What to produce:
Output the data below only from the line containing "Bird’s-eye view: Hawk" up to and including the line containing "TG账号购买，电报号自助下单发卡网，如何高效购买TG账号，策略与技巧指南", exact and with the pictures left out.

Dataset content:
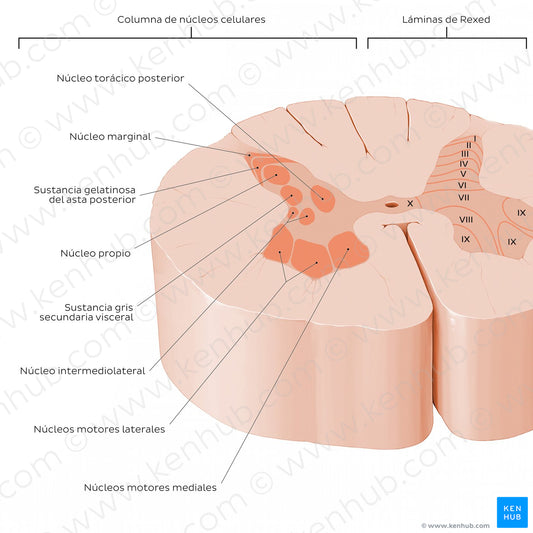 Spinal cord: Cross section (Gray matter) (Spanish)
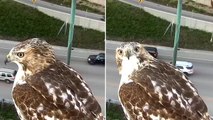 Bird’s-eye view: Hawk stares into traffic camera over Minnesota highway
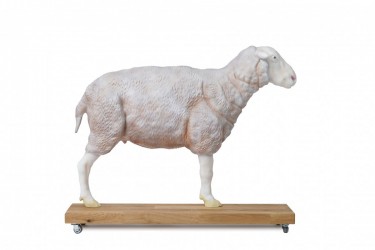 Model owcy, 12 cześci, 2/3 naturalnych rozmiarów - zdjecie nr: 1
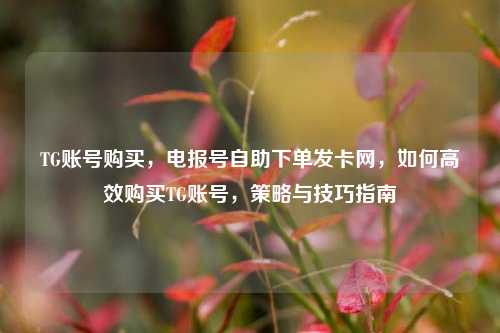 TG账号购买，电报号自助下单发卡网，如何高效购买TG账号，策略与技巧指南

==

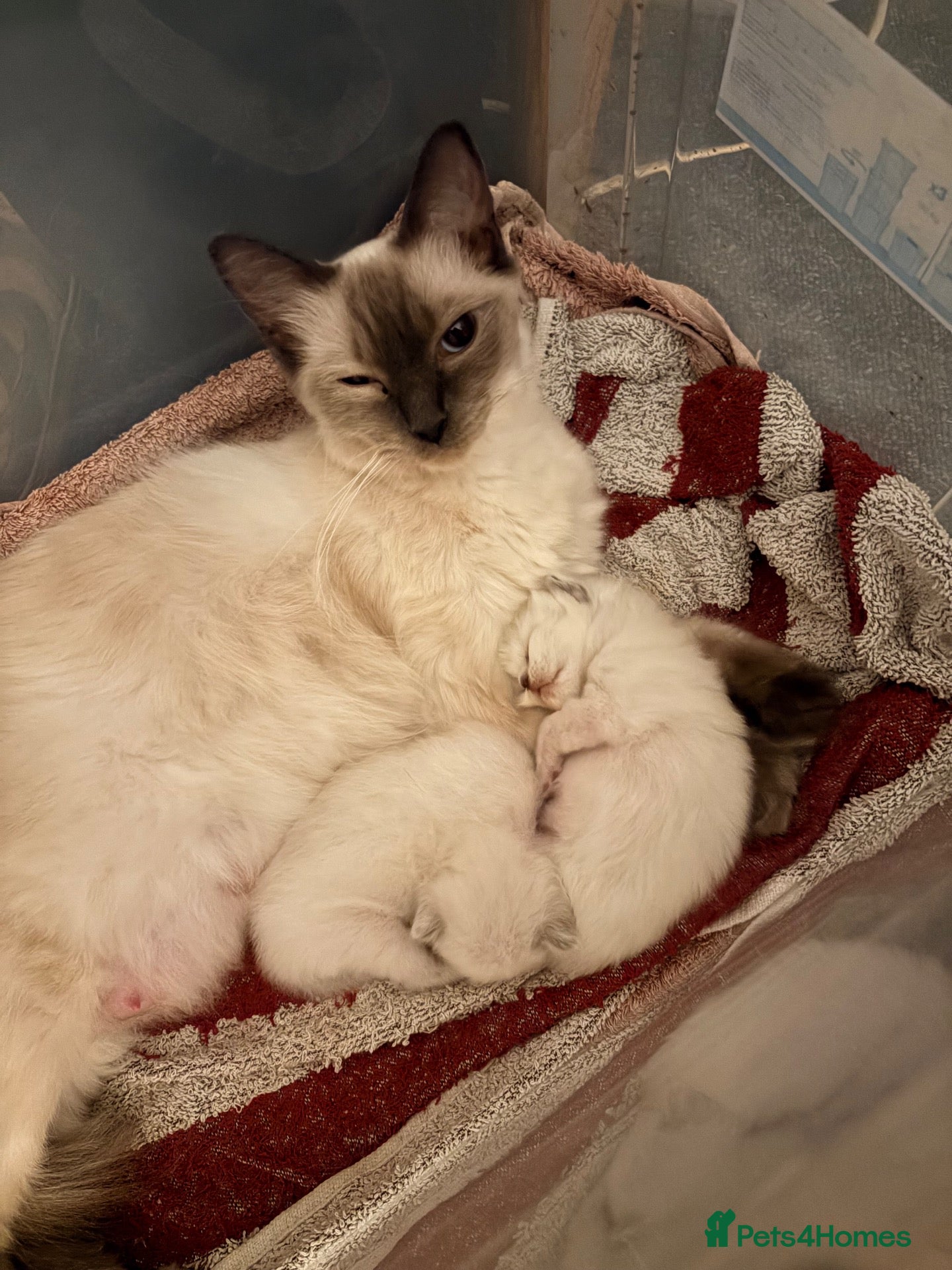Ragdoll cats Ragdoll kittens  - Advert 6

Written response:
 Bird’s-eye view: Hawk stares into traffic camera over Minnesota highway
 Model owcy, 12 cześci, 2/3 naturalnych rozmiarów - zdjecie nr: 1
 TG账号购买，电报号自助下单发卡网，如何高效购买TG账号，策略与技巧指南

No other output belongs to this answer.